I would like to take his recommendations and repackage them into a definition that retains the heart of our specialty and allows us to be successful in recruiting future colleagues. Dr. Whitcomb recommends that we focus family medicine training to create chronic disease experts to serve the rising prevalence of these conditions in our culture. This supports a disease-oriented focus and does not honor the relationship-centered care that allows insight into understanding how to prevent or reverse the disease process. Being a “chronic disease specialist” feels heavy, burdensome, and reductionistic. Not once have I had a medical student come up to me and say, “I want to be a chronic disease specialist!” But I am seeing my younger colleagues have a passion to understand how the body self-heals. Their pupils dilate when they talk about being physician healers. This defines the package of what it means to be a family doc. Family medicine was founded on the bio-psycho-social model and the specialty is in the best position to use this insight to create experts in health and healing. This is what students want to be “experts” in. They want to be navigators of health, not a slave to the markers of chronic disease management. They want to develop meaningful relationships that allow them to reach in and grab onto the essence of what is needed for positive behavior change. They want to be experts in salutogenesis (the creation of health) as well as pathogenesis (the creation of disease and suffering).
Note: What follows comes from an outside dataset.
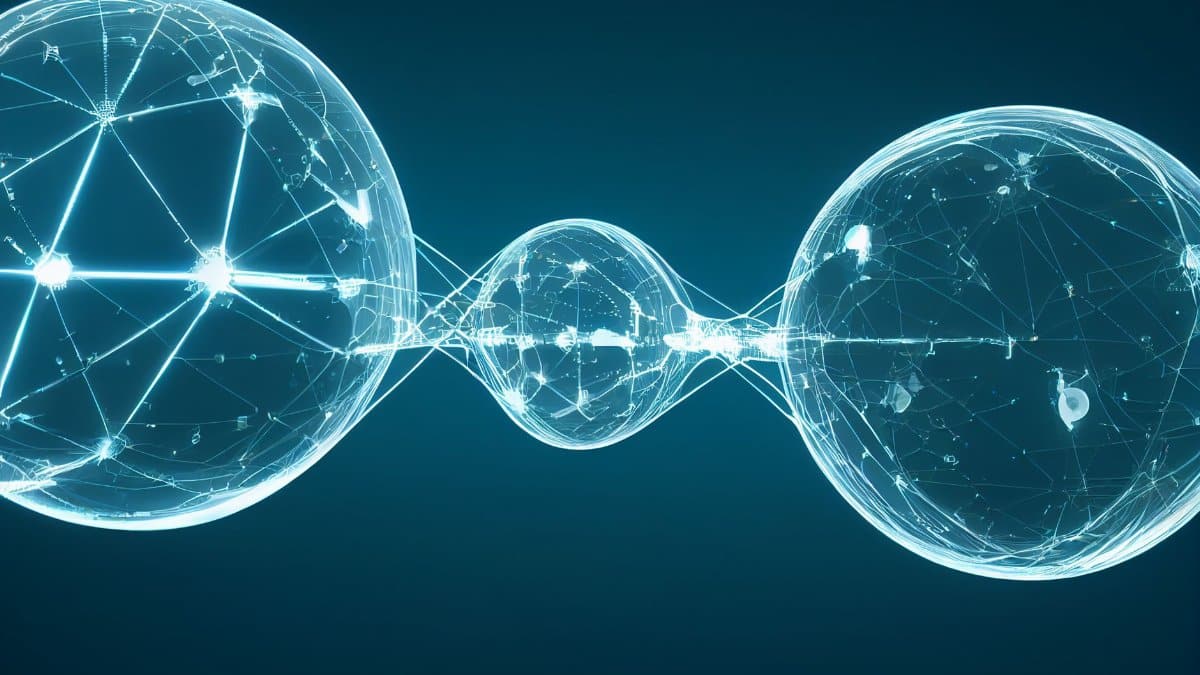 Modern digital spheres interconnected by glowing lines, showcasing a futuristic network concept.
Creating expertise in chronic disease supports a passive health care model in which our patients become more dependent on expensive external influences for health (pharmaceuticals, surgical therapy). Antidepressants and proton pump inhibitors are prescribed at a cost of billions of dollars each year. We simply treat the symptoms instead of asking the deeper question: Why is everyone in America depressed with an upset stomach? Family medicine has the opportunity to create leaders in understanding the process of healing so we can reverse the trend toward disease and empower healthy lifestyle behaviors. Success in defining this package will bring more joy to our work and reduce disease burden and the need for chronic disease experts.

Reference

  1. Whitcomb ME. Preparing the personal physician for practice (P4): meeting the needs of patients: redesign of residency training in family medicine. J Am Board Fam Med 2007; 20(4): 356–64.